Requirement: What lines below hold the string "table"? Copy them all.

──────── Exercise materials

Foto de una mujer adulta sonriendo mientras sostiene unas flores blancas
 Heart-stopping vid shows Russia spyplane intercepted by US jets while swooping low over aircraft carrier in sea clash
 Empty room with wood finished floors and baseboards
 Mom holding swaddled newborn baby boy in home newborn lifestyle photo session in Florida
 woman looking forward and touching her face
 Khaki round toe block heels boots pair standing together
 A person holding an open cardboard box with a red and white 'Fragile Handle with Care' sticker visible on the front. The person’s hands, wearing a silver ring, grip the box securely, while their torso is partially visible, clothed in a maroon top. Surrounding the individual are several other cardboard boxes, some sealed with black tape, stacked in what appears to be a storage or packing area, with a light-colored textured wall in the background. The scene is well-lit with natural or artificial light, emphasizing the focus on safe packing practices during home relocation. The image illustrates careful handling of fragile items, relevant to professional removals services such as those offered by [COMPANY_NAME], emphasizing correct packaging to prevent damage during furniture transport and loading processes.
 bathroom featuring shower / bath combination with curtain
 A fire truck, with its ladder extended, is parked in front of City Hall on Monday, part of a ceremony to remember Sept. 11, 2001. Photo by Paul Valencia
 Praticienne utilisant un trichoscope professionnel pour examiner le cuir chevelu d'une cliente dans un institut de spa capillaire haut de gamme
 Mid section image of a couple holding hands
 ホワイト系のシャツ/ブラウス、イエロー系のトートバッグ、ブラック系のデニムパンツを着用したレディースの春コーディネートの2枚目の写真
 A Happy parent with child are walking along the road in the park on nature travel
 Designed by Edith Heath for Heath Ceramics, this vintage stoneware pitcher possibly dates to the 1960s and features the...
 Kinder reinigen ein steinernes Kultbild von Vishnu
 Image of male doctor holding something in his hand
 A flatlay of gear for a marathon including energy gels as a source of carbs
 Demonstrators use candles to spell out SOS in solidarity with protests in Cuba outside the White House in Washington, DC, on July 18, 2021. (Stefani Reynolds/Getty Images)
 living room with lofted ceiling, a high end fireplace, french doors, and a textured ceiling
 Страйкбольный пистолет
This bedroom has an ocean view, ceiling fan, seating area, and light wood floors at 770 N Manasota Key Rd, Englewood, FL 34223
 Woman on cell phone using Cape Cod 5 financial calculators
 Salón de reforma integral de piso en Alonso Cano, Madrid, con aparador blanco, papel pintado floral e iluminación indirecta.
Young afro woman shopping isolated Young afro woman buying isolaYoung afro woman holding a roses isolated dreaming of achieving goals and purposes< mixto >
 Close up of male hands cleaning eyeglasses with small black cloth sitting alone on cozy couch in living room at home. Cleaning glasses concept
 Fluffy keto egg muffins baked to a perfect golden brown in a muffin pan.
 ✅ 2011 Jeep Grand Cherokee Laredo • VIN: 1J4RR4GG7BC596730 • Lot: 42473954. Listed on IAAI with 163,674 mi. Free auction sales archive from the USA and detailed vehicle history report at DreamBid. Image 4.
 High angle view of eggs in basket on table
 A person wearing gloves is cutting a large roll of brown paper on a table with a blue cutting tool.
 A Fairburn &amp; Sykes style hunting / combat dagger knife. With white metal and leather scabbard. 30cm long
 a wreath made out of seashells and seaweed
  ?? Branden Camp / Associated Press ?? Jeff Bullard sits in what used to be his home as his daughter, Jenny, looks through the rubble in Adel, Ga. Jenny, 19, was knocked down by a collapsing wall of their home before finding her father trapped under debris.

────────────────

Solution to the problem:
 High angle view of eggs in basket on table
 A person wearing gloves is cutting a large roll of brown paper on a table with a blue cutting tool.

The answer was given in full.